Problem 7.35: LiCl.H2O (c) is dissolved isothermally in enough water to form a solution containing 5 mol of water per mole of LiCl. What is the heat effect? The following enthalpies of formation are given:
LiCl (c) = –409.05 kJ, LiCl.H2O (c) = –713.054 kJ
LiCl (5H2O) = –437.232 kJ, H2O (l) = –286.03 kJ
Problem 7.36: Calculate the heat effects when 1.0 kmol of water is added to a solution containing 1.0 kmol sulphuric acid and 3.0 kmol of water. The process is isothermal and occurs at 298 K. Data: Heat of mixing for H2SO4(3H2O) = –49,000 kJ per kmol H2SO4. Heat of mixing for H2SO4(4H2O) = –54,100 kJ per kmol H2SO4.

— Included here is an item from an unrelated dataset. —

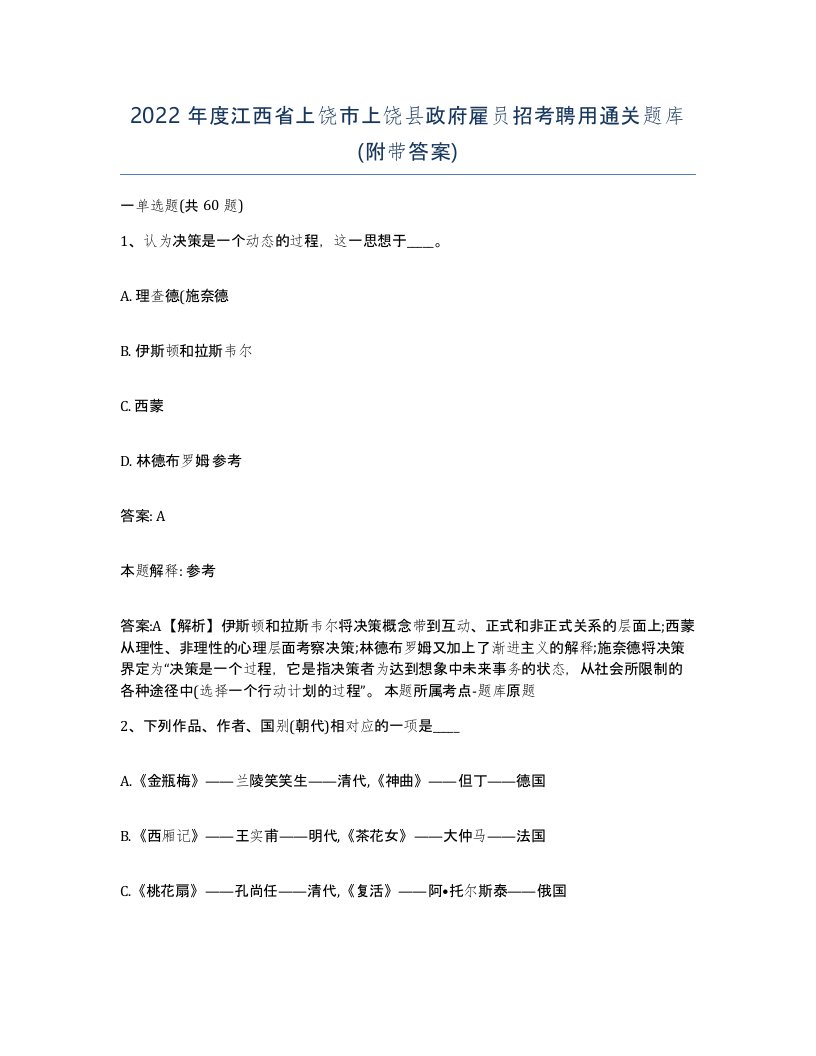 2022年度江西省上饶市上饶县政府雇员招考聘用通关题库附带答案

Problem 7.37: A single effect evaporator is used to concentrate a 15 % (weight) solution of LiCl in water to 40 %. The feed enters the evaporator at 298 K at the rate of 2 kg/s. The normal boiling point of a 40 % LiCl solution is 405 K and its specific heat is 2.72 kJ/kg K. For what heat transfer rate in kJ/h, should the evaporator be designed? The heat of solution of LiCl in water per mole of LiCl at 298 K are:
∆HS for LiCl(13.35 H2O) = –33.8 kJ, for LiCl (3.53 H2O) = –23.26 kJ. Enthalpy of superheated steam at 405 K, 1 bar = 2740.3 kJ/kg. Enthalpy of water at 298 K = 104.8 kJ/kg. The molecular weight of LiCl = 42.39.
Problem 7.38: The excess Gibbs free energy of solutions of methylcyclohexane (MCH) and tetrahydrofuran (THF) at 303 K are correlated as
G^E=RTx\left(1-x\right)\left[0.4587-0.1077\left(2x-1\right)+0.0191{(2x-1)}^2\right]where x is the mole fraction of methyl cyclohexane. Calculate the Gibbs free energy change on mixing when 1 mol MCH and 3 mol THF are mixed.

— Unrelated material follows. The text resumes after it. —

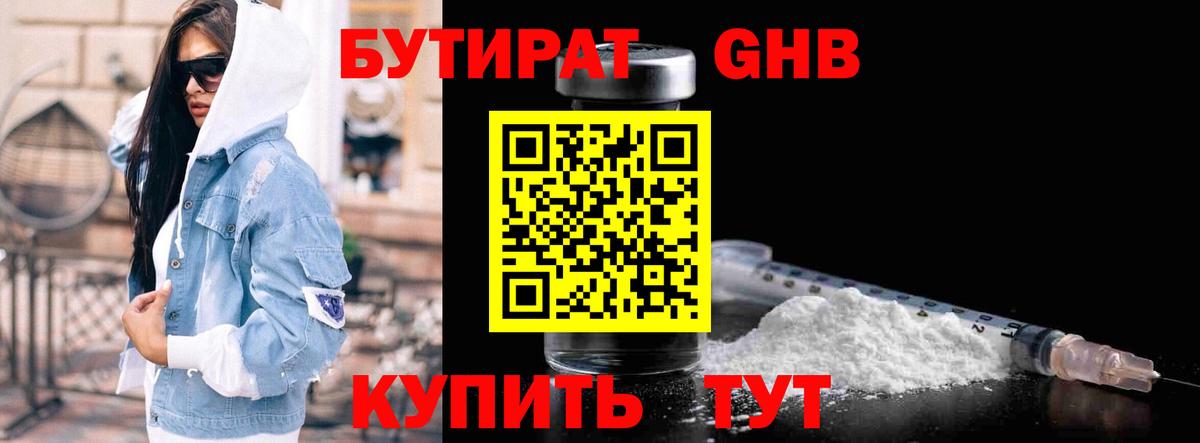 БУТИРАТ  Вход с VPN  Ростов Великий  Бутират жидкий экстази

Problem 7.39: Derive the relation between the excess Gibbs free energy of a solution based on the Lewis– Randall rule and that based on the asymmetric treatment (Lewis–Randall rule for solvent and Henry’s law for solute) of solution ideality.
Problem 7.40: The excess enthalpy of a solution is given by
H^E=x_1x_2\left(40x_1+20x_2\right)\;\frac J{mol}Determine expressions for \overline{H_1^E} and \overline{H_2^E} as functions of x1.
Problem 7.41: Given that
M^E=x_1x_2\left[A+B\left(x_1-x_2\right)+C\left(x_1-x_2\right)^2\right]derive expressions for \overline{M_1^E} and \overline{M_2^E} . What are the limiting values for \overline{M_1^E} and \overline{M_2^E} and ME/x1x2 as x1 → 0 and x1 → 1?
Problem 7.42: The excess Gibbs free energy is given by
\frac{G^E}{RT}=-3x_1x_2\left(0.4x_1+0.5x_2\right)Find expressions for ln γ1 and ln γ2.
Problem 7.43: Do the following equations satisfy Gibbs–Duhem equations?
\ln\left(\gamma_1\right)=Ax_2^2+Bx_2^2\left(3x_1-x_2\right);\;\;\ln\left(\gamma_2\right)=Ax_1^2+Bx_1^2\left(x_1-3x_2\right)Find expressions for GE/RT.
Problem 7.44: The excess volume (m3/kmol) of a binary liquid mixture is given by
V^E=0.01x_1x_2\left(3x_1+5x_2\right)at 298 K and 1 bar. Determine \overline{V_1} and \overline{V_2} for an equimolar mixture of components 1 and 2 given that V1 = 0.12 m3/kmol and V2 = 0.15 m3/kmol.